On est bien content d’avoir notre chez-soi l’espace d’un instant. Ça faisait longtemps que ça n’était pas arrivé. Depuis Istanbul en fait. Un appartement au 7ème étage d’une curieuse tour d’habitation en béton de l’ère
Soviétique sur une grande avenue d’immeubles neufs. On aime beaucoup l’endroit. Il y a quelques restaurants et magasins un peu branchés dans le coin. En bas de notre immeuble il y a « Chouf » le chat gris qui surveille, immobile, les allées et venues de tout le monde dès la tombée du jour. Tous les matins, on
va quelques mètres plus loin dans la rue pour prendre le petit-déjeuner et je n’exagère rien quand je dis que la première fois, on était émus de boire enfin un vrai café à l’italienne.

Je crois que c’est l’un des rares endroits où l’on prend le temps de s’installer et de vivre un peu. Parce qu’on prend du temps pour apprécier et parce qu’on a des choses à y faire. Il faut obtenir le visa Turkmène, le visa
Iranien, aller aux ambassades, prendre des rendez-vous et faire des démarches qu’on n’est pas sûrs de voir aboutir.

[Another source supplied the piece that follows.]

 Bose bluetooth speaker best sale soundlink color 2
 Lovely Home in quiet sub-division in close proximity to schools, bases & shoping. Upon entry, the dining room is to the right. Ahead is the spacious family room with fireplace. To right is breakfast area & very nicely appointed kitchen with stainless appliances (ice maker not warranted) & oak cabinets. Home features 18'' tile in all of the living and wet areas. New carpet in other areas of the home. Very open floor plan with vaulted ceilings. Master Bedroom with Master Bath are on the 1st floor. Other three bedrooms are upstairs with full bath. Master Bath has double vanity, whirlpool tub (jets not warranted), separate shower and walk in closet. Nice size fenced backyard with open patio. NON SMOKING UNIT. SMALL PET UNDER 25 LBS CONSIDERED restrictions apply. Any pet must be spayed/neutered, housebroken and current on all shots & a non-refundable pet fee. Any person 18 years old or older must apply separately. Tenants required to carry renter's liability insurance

On a notre rythme à Tachkent. Nos rues et nos habitudes. On a aussi nos stations de métros comme Kostmonavtlar, la station des cosmonautes avec ses fresques d’un bleu étincelant et ses sculptures en bas-relief dans le bronze à la gloire des camarades de là-haut, dans les étoiles. Le métro et ses tunnels fortifiés, sa foule muette et ses stations magnifiques comme dans un rêve oublié. On y déambule machinalement, écouteurs dans les oreilles, jetons de plastique en poche pour le prochain portail en attendant le vacarme des wagons bleus et blancs qui déboulent toujours à temps sous l’oeil attentif des gardiennes de quai et des miliciens fatigués.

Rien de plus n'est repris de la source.